= The Troubles in Keady =

Incidents in Keady, Northern Ireland, during the Troubles

The Troubles in Keady refers to incidents taking place in Keady, County Armagh, Northern Ireland during the Troubles.

Incidents in Keady during the Troubles resulting in one or more fatalities:

==1972==
- 21 January 1972 - Stentiford, Philip (18) British Army (BA), Killed by: Irish Republican Army (IRA) in land mine attack on British Army (BA) foot patrol, Derrynoose, near Keady, County Armagh.

==1973==
- 15 November 1973 - McVerry, Michael (23) Irish Republican Army (IRA), Killed by: Royal Ulster Constabulary (RUC) during a gun attack on Keady British Army (BA) / Royal Ulster Constabulary (RUC) base in Keady, County Armagh.

- 15 December 1973 - Ivan Johnson (34) ex-Royal Ulster Constabulary (RUC). Killed by Irish Republican Army (IRA) Found shot in Derrynoose, near Keady, County Armagh.

==1975==

- 31 August 1975 - Lance Corporal Joseph Reid (48) 2nd County Armagh Battalion, Ulster Defence Regiment. Shot while at home on his farm in Farnaloy, near Keady, County Armagh . He was also an Ulster Unionist Councillor.
- 10 November 1975 - Joseph Nesbitt (53) Ulster Defence Regiment (UDR), Killed by Irish Republican Army (IRA). Shot by sniper, while travelling in his car to Gough British Army (BA) base, Armagh, at Caramoyle, near Keady, County Armagh.

==1976==
- 16 August 1976 - Elizabeth McDonald (38) and Gerard McGleenan (22), both Catholic civilians, were killed in a car bomb explosion outside the Step Inn, Keady. Twenty-two others were wounded. It is believed that the Ulster Volunteer Force was responsible and the attack has been linked to the "Glenanne gang".
- 15 December 1976 - Bartender Pat McGeown (25) Catholic civilian is shot dead by the British Army at the Mockingbird Bar, Keady, County Armagh.

==1977==

- 18 October 1977 - John Anderson, (61) Protestant ex-Royal Ulster Constabulary (RUC), killed by Irish Republican Army (IRA) Shot while driving his car, Girvan’s Bridge, near Keady, County Armagh.

==1978==
- 19 August 1978 - Gilbert Johnston (25) ex-Ulster Defence Regiment (xUR), Killed by Irish Republican Army (IRA) Shot outside shop, Keady, County Armagh.

==1979==
- 9 June 1979 - Peadar McElvanna (24) Irish Republican Army (IRA), Killed by the British Army (BA) during gun battle between Irish Republican Army (IRA) and British Army (BA), Keady, County Armagh.

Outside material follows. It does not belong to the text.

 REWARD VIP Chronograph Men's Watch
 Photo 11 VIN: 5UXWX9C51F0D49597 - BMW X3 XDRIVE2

- 24 February 1979 - Martin McGuigan (16) and James Keenan (16) Catholic Civilians, Killed by Irish Republican Army (IRA). Killed by remote controlled bomb hidden in trailer, detonated when he walked past, Darkley, near Keady, County Armagh. Mistaken for British Army (BA) foot patrol.

==1980==

- 29 August 1980 - Frank McGrory died after inadvertently detonating a booby trap bomb which had been hidden in a hedgerow, at Carnagh, County Armagh, near Keady; it is believed to have been left there by the INLA for use against the security forces

==1983==
- 20 November 1983 - Harold Browne (59), Victor Cunningham (39) and David Wilson (44) where killed while attending a church service at Mountain Lodge Pentecostal Church, Darkley. The attackers were rogue members of the Irish National Liberation Army (INLA). They claimed responsibility using the cover name "Catholic Reaction Force",
- 13 April 1983 - Trevor Elliot (38) Protestant, British Army Territorial Army (TA), Killed by Irish Republican Army (IRA) Off duty. Shot at his shop, Keady, County Armagh

==1993==
- 8 March 1993 - Nigel McCollum (25), a Protestant civilian, was killed while working as a contractor at the British Army/RUC base during an IRA mortar attack.
- 2 December 1993 - Paul Garret (23), a member of the British army, was killed by a sniper while on foot patrol along Victoria Street.

==1994==
- 14 May 1994 - David Wilson (27), a member of the British Army, was killed by an IRA bomb attack on a permanent British army checkpoint.

==2005==
- Martin Conlon (35) Catholic ex-real Irish Republican Army Killed by Dissident Republican group. Abducted from a house outside Armagh before being shot three times and his body dumped at Farnaloy Road near Keady, South Armagh. [Police speculated that the killing had been carried out by dissident republicans with whom he was believed to be linked. On 10 November 2005 the CIRA issued a statement to deny any involvement with the killing.]